Cette phrase illustre fameusement le rôle que peuvent jouer les pouvoirs locaux dans le respect des droits humains. Les compétences des communes touchent, en effet, directement à l’exercice des droits fondamentaux reconnus par les textes et normes internationaux, en particulier dans les domaines de l’éducation, de la santé, du logement ou encore de l’égalité entre hommes et femmes. C’est aussi dans le cadre local que des habitants subissent l’injustice et l’arbitraire : l’expulsion de leur maison, l’insécurité, la violence. Pour les citoyens, la commune est incontestablement le premier “ lieu des droits de l’Homme ”, de leur respect… ou de leur transgression.

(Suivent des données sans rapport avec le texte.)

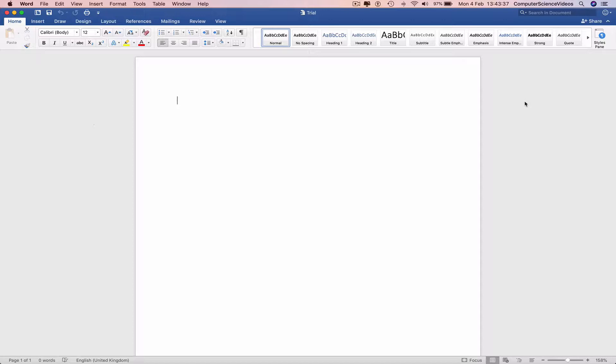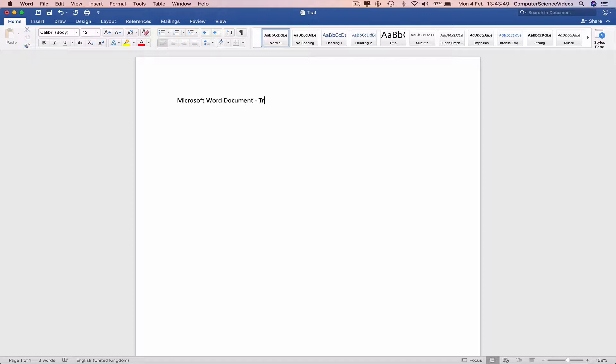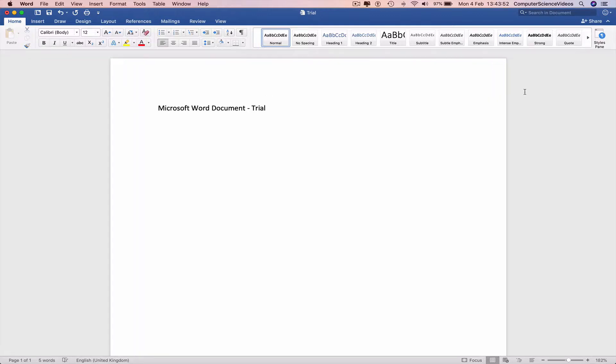Go to your Word document and type in something. I'll type in Microsoft Word Document Dash Trial. So we have inserted these words.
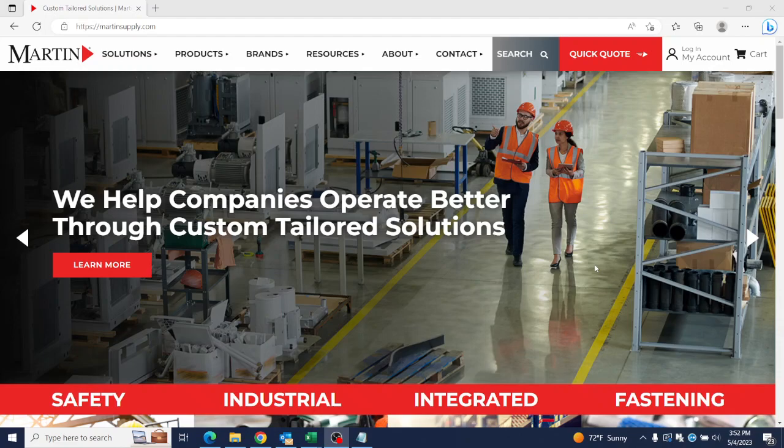So we'll start from our homepage at martinsupply.com. You go up to the top right corner and click the Login to My Account button.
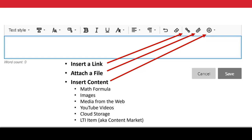One important thing to note: when you create items, they default to hidden from students. That allows you to build and create content as the course is happening without worrying about students accidentally seeing something they shouldn't. But it's important to remember this is happening, and you'll need to make sure that content is made available to students.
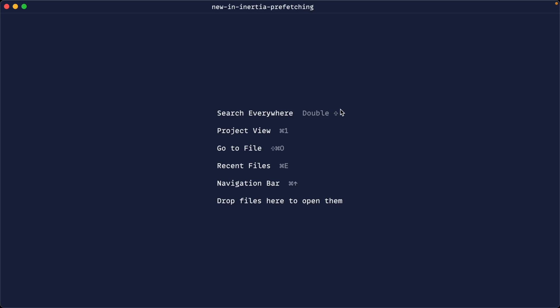Inertia has added prefetching, which is probably one of the easiest ways to speed up the perceived speed of your application. We're going to take a look at the most basic usage by tying this to a link component to preload data for the next page. Then we'll look at more advanced usage using programmatic prefetching in a list where we want to load more — useful for pagination or infinite scroll.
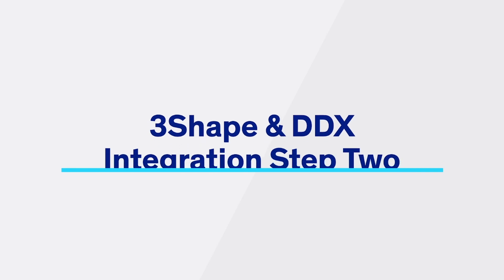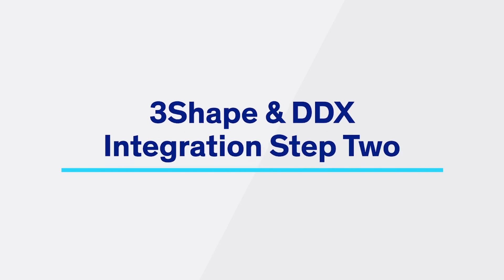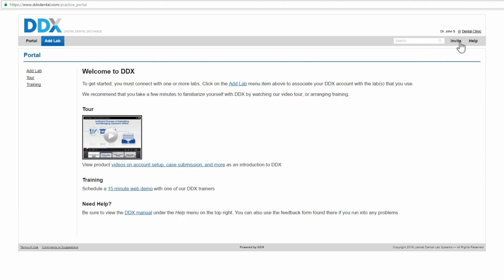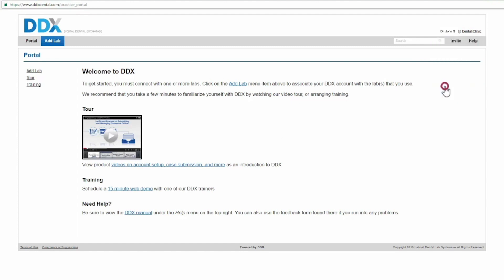Complete the integration by enabling it in DDX. Log in to DDX. Click on the name of your practice in the top right-hand side of the page. Select Store.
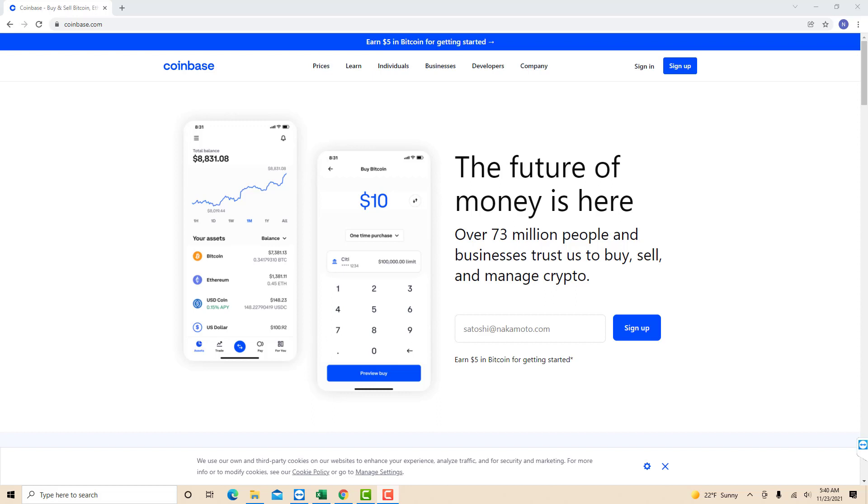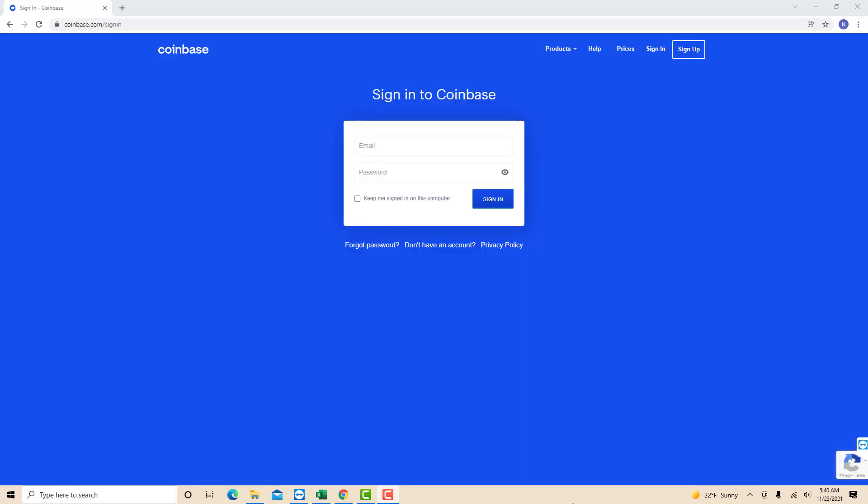However, if you already have a Coinbase account, just open the website, then click sign in. Now, sign in with your email and password.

Les municipalités reflètent directement l’état des droits humains dans une société. Les choix apparemment anodins qui y sont faits – la réfection d’une rue, l’organisation d’un événement culturel, le menu d’une cantine scolaire, l’autorisation ou non d’une manifestation publique – peuvent conforter des droits et des libertés ou, au contraire, établir des discriminations politiques ou religieuses et négliger les besoins essentiels de certaines catégories de citoyens.